Option Type Description Required?
driver_path String File path to jar file containing your JDBC driver. This is optional, and all JDBC jars may be placed in $LOGSTASH_HOME/vendor/jar/jdbc instead. No
connection_string String JDBC connection URL Yes
username String JDBC username - this is optional as it may be included in the connection string, for many drivers No
password String JDBC password - this is optional as it may be included in the connection string, for many drivers No
statement Array An array of strings representing the SQL statement to run. Index 0 is the SQL statement that is prepared, all other array entries are passed in as parameters (in order). A parameter may either be a property of the event (i.e. "@timestamp", or "host") or a formatted string (i.e. "%{host} - %{message}" or "%{message}"). If a key is passed then it will be automatically converted as required for insertion into SQL. If it's a formatted string then it will be passed in verbatim. Yes
unsafe_statement Boolean If yes, the statement is evaluated for event fields - this allows you to use dynamic table names, etc. This is highly dangerous and you should not use this unless you are 100% sure that the field(s) you are passing in are 100% safe. Failure to do so will result in possible SQL injections. Please be aware that there is also a potential performance penalty as each event must be evaluated and inserted into SQL one at a time, where as when this is false multiple events are inserted at once.
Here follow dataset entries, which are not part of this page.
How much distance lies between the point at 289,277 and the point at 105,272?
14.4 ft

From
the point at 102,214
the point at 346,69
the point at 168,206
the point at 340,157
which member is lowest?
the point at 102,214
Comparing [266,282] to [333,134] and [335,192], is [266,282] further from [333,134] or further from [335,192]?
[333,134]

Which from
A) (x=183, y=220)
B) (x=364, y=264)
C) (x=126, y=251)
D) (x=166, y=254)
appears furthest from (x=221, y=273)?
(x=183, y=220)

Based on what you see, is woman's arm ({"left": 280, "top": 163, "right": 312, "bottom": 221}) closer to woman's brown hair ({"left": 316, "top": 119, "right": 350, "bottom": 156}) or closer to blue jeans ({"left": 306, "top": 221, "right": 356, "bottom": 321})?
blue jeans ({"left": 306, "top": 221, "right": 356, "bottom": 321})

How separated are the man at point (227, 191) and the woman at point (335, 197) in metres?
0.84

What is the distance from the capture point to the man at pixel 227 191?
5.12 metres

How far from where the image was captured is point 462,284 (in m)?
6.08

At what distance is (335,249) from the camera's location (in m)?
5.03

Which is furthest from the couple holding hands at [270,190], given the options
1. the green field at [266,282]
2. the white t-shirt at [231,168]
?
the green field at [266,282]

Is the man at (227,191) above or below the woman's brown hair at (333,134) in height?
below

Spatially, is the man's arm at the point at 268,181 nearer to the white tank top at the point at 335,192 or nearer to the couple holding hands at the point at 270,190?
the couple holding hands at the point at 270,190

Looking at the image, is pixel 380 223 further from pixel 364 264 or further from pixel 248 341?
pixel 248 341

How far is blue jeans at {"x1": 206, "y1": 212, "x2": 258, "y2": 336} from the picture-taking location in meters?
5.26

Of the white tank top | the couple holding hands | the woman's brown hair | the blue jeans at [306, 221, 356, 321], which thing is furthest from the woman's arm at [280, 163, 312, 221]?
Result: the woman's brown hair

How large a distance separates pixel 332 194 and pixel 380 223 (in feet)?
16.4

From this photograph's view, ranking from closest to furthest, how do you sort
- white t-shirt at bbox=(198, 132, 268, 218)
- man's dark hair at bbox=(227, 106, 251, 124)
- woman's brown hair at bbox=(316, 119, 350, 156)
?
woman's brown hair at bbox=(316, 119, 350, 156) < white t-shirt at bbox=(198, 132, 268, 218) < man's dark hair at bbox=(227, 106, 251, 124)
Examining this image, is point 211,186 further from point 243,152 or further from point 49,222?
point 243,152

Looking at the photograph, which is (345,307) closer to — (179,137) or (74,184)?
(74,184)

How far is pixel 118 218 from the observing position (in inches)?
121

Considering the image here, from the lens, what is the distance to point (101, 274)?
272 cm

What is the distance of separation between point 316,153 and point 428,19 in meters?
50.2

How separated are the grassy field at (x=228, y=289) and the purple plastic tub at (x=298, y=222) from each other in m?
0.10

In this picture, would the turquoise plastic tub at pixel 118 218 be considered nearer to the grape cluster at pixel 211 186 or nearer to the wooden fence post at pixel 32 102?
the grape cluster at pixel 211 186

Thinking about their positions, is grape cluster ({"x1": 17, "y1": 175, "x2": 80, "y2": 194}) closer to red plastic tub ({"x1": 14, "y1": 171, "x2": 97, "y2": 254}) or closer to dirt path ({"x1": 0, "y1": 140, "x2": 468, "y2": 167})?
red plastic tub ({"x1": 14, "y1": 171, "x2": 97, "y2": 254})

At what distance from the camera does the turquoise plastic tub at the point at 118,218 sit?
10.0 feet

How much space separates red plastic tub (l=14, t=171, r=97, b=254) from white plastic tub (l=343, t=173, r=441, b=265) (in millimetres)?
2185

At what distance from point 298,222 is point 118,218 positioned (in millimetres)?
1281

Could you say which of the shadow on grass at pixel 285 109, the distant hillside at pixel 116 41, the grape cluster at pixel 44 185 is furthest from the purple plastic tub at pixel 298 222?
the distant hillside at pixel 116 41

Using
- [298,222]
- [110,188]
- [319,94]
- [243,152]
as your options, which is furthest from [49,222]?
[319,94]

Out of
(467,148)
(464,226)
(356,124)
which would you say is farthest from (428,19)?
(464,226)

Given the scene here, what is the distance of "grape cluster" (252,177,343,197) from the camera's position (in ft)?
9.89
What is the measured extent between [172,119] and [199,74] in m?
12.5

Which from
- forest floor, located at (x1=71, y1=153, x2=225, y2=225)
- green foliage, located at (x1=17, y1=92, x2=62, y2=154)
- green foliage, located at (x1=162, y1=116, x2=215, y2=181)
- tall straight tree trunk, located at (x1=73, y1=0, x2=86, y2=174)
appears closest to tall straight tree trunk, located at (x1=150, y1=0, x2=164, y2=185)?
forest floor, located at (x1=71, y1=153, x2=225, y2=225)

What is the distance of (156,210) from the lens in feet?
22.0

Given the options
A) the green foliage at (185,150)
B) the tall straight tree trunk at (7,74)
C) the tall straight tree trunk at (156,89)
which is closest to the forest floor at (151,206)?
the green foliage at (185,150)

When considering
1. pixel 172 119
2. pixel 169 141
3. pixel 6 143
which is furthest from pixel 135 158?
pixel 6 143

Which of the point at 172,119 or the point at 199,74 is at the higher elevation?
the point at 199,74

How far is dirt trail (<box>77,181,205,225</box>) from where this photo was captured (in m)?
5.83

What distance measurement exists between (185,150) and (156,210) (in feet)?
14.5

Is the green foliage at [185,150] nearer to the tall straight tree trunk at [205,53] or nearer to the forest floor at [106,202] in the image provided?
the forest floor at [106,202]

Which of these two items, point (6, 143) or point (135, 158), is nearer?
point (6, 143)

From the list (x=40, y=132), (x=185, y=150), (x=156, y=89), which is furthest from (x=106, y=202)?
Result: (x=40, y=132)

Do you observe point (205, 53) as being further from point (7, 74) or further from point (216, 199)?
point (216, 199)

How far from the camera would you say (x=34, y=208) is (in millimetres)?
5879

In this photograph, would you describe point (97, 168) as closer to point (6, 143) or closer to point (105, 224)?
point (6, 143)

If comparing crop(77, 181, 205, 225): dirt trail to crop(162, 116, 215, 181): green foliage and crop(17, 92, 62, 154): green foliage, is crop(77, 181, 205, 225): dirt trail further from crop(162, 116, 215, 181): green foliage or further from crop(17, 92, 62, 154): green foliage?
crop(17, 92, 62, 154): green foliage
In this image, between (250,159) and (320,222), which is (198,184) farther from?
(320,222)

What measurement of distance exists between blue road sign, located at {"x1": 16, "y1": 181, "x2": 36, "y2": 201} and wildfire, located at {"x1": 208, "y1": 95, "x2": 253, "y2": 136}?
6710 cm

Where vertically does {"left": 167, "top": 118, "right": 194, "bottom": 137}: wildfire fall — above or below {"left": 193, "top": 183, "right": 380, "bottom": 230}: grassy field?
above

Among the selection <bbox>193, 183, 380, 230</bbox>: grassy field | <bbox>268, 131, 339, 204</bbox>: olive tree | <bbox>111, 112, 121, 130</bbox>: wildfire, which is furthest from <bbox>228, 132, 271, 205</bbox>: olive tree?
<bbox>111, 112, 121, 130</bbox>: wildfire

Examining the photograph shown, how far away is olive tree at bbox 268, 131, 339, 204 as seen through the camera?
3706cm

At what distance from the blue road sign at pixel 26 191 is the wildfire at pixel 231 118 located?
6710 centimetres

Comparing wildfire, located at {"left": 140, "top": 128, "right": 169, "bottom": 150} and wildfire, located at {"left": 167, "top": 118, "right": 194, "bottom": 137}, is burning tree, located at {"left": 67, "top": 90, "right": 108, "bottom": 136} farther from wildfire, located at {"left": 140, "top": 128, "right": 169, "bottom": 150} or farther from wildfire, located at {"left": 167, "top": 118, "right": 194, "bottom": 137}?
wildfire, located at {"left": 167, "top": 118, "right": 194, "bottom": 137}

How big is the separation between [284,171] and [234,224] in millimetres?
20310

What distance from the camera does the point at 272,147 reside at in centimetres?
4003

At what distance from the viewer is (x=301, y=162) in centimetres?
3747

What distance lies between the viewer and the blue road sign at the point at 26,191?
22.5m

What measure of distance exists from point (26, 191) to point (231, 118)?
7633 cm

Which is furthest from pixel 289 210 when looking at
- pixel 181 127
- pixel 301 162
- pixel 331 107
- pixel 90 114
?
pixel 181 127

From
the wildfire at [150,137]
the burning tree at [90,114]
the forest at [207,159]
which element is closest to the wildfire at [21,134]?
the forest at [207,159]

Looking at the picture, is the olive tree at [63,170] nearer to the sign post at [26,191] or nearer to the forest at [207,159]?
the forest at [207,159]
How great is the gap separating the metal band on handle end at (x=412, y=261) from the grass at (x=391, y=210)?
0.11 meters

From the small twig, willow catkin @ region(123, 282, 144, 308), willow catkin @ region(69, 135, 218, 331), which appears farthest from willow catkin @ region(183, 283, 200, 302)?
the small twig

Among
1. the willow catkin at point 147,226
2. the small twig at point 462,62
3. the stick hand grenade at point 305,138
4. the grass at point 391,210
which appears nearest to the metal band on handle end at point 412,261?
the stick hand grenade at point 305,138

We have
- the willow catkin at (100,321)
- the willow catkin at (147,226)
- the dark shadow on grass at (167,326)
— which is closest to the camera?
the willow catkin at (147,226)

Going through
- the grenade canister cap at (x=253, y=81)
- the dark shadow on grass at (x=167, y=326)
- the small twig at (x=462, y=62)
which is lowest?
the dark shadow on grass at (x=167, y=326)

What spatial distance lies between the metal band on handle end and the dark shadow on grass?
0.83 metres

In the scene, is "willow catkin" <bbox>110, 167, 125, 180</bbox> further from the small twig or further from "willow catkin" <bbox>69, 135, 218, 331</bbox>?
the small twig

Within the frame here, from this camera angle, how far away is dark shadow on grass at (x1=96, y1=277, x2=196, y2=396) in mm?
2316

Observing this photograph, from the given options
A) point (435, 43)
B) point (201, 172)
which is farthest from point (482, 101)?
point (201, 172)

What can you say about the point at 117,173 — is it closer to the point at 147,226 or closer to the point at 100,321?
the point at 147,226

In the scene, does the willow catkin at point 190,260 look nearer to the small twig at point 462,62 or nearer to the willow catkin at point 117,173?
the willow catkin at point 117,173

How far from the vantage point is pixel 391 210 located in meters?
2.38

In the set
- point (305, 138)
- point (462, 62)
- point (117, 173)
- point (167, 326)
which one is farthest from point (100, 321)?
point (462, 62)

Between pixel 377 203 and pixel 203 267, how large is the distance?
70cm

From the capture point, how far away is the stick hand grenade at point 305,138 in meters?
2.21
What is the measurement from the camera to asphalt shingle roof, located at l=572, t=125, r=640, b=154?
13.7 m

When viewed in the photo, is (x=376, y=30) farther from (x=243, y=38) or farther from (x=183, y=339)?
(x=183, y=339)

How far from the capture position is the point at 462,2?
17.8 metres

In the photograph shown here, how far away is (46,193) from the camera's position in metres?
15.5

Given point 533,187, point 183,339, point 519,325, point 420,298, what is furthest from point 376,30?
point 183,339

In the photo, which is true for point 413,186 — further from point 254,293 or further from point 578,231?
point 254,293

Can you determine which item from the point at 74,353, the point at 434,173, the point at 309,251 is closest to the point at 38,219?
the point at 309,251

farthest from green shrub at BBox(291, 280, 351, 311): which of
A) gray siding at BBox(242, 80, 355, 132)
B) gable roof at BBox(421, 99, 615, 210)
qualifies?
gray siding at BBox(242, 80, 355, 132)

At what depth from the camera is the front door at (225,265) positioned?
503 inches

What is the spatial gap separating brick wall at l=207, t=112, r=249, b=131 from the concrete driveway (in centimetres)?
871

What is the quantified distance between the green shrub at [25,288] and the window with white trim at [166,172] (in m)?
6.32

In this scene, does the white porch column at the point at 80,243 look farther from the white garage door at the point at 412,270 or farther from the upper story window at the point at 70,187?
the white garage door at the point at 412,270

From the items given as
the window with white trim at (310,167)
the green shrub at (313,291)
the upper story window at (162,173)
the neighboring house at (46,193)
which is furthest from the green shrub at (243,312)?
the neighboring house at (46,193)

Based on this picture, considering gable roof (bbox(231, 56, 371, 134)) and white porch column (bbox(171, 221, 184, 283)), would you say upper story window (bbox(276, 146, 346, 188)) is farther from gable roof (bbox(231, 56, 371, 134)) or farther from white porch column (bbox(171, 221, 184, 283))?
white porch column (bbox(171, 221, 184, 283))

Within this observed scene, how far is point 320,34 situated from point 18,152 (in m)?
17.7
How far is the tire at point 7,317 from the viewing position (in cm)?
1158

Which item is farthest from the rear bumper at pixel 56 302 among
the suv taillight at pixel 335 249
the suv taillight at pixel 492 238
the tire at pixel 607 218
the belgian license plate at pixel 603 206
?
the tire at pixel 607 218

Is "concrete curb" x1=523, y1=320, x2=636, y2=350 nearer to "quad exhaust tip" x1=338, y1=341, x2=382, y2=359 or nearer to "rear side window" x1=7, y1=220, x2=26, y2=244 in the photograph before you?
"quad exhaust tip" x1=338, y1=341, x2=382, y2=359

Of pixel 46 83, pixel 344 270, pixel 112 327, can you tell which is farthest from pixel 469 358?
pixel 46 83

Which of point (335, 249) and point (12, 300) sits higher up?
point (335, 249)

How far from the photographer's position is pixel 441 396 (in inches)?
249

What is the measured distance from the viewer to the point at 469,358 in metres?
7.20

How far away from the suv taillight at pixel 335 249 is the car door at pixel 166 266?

Example statement: [ "insert into %{table_name_field} (column) values(?)", "fieldname" ] No
max_pool_size Number Maximum number of connections to open to the SQL server at any 1 time No
connection_timeout Number Number of seconds before a SQL connection is closed No
flush_size Number Maximum number of entries to buffer before sending to SQL - if this is reached before idle_flush_time No
idle_flush_time Number Number of idle seconds before sending data to SQL - even if the flush_size has not yet been reached No
max_repeat_exceptions Number Number of times the same exception can repeat before we stop logstash. Set to a value less than 1 if you never want it to stop No
max_repeat_exceptions_time Number Maxium number of seconds between exceptions before they're considered "different" exceptions. If you modify idle_flush_time you should consider this value No

Example configurations

If you have a working sample configuration, for a DB thats not listed, pull requests are welcome.

SQLite3

input
{
	stdin { }
}
output {
	stdout { }

	jdbc {
		connection_string => 'jdbc:sqlite:test.db'
		statement => [ "INSERT INTO log (host, timestamp, message) VALUES(?, ?, ?)", "host", "@timestamp", "message" ]
	}
}

SQL Server

input
{
	stdin { }
}
output {
	jdbc {
		connection_string => "jdbc:sqlserver://server:1433;databaseName=databasename;user=username;password=password;autoReconnect=true;"
		statement => [ "INSERT INTO log (host, timestamp, message) VALUES(?, ?, ?)", "host", "@timestamp", "message" ]
	}
}

Postgres

With thanks to @roflmao

input
{
	stdin { }
}
output {
	jdbc {
		connection_string => 'jdbc:postgresql://hostname:5432/database?user=username&password=password'
		statement => [ "INSERT INTO log (host, timestamp, message) VALUES(?, CAST (? AS timestamp), ?)", "host", "@timestamp", "message" ]
	}
}

Oracle

With thanks to @josemazo

input
{
	stdin { }
}
output {
	jdbc {
		connection_string => "jdbc:oracle:thin:USER/PASS@HOST:PORT:SID"
		statement => [ "INSERT INTO log (host, timestamp, message) VALUES(?, CAST (? AS timestamp), ?)", "host", "@timestamp", "message" ]
	}
}

Mysql

With thanks to @jMonsinjon

input
{
	stdin { }
}
output {
	jdbc {
		connection_string => "jdbc:mysql://HOSTNAME/DATABASE?user=USER&password=PASSWORD"
		statement => [ "INSERT INTO log (host, timestamp, message) VALUES(?, CAST (? AS timestamp), ?)", "host", "@timestamp", "message" ]
	}
}

MariaDB

This is reportedly working, according to @db2882 in issue #20. No example configuration provided. If you have a working sample, pull requests are welcome.